JAKARTA,khatulistiwaonline.com
Awal 2014 masyarakat dihebohkan dengan kemunculan tabloid Obor Rakyat yang menyudutkan salah satu pasang calon presiden. Hingga akhirnya terungkap nama Setriyadi Budiono dan Darmawan Sepriyosa yang menjadi aktor intelektual dalam tabloid tersebut.
Berdasarkan catatan khatulistiwaonline, Rabu (23/11/2016), kasus ini berawal saat muncul edisi pertama Obor Rakyat pada Mei 2014 mengangkat judul ‘Capres Boneka’ dengan karikatur Jokowi sedang mencium tangan Megawati Soekarnoputri. Dalam waktu singkat tabloid ini menjadi heboh di kalangan masyarakat karena berita yang dipajang telah menyudutkan Jokowi sebagai salah satu pasang capres tahun 2014.

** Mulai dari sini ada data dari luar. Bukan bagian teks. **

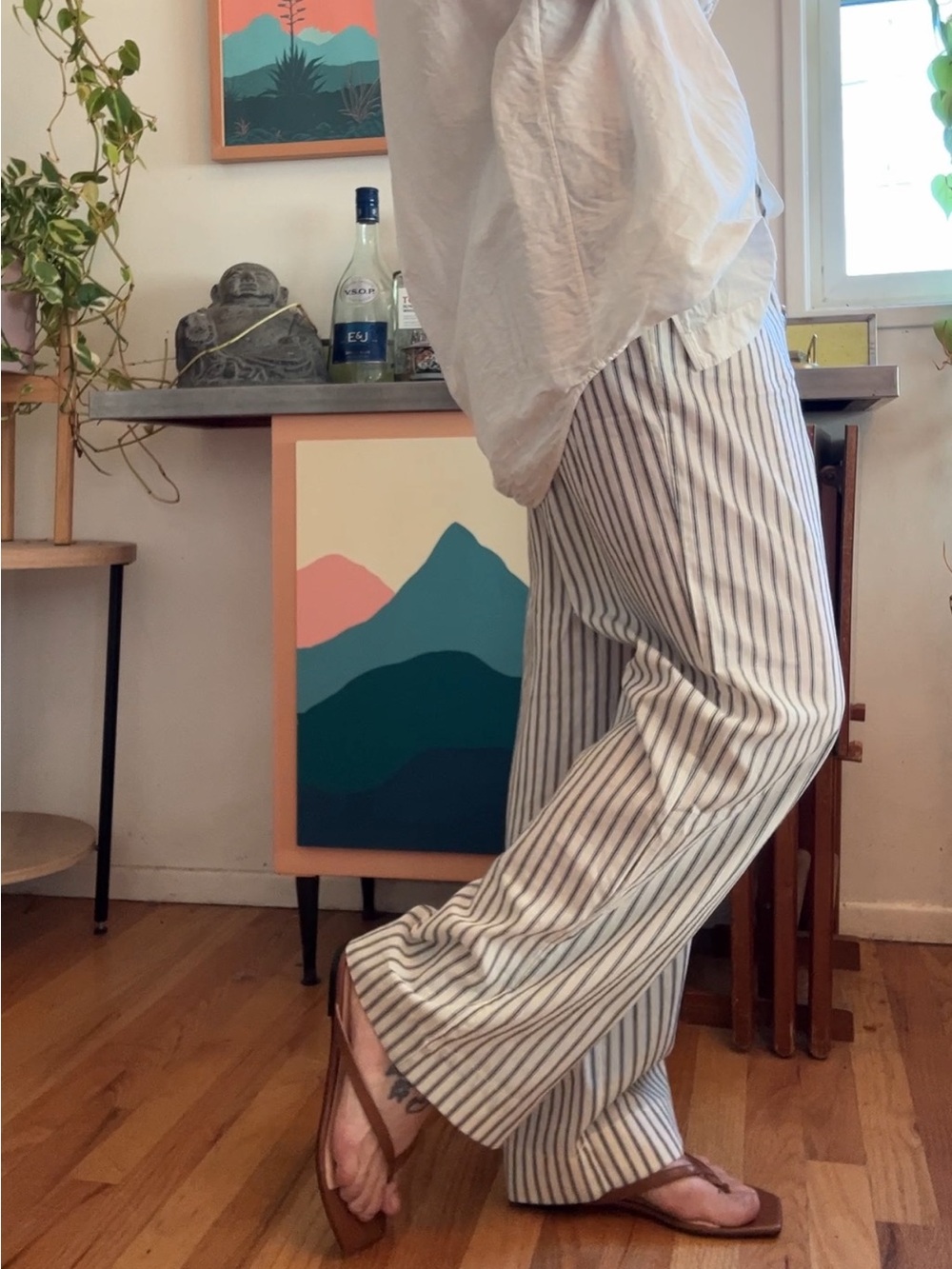 Rhythm Cream and Navy Vertical-Strip Tie-Waist Pants
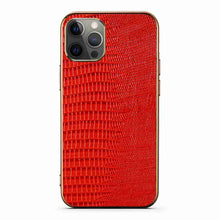 Load image into Gallery viewer, Apple iPhone Case Lizard Pattern Leather Cover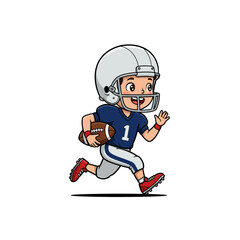 Boy Cartoon Running with Football Wearing Helmet and Uniform Illustration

Akhirnya pada 4 Juni 2014, tim pemenangan capres dan cawapres Jokowi-JK melaporkan tabloid itu ke Bawaslu (Badan Pengawas Pemilu). Laporan itu tidak membuat takut Darmawan dan Budiono. Ketika itu edisi kedua tabloid Obor Rakyat kembali beredar dengan judul ‘1001 Topeng Jokowi’. Tabloid tersebut tidak hanya beredar masyarakat umum, tetapi telah sampai juga ke lingkungan pesantren dan pengurus mesjid.
Pada 12 Juni 2014, Bawaslu telah mengumpulkan seluruh bukti-bukti dari tabloid tersebut. Perkara tersebut pun dilimpahkan ke Bareskrim Mabes Polri. Tepat di hari yang sama, Dewan Pers menyimpulkan tabloid Obor Rakyat bukan produk jurnalis.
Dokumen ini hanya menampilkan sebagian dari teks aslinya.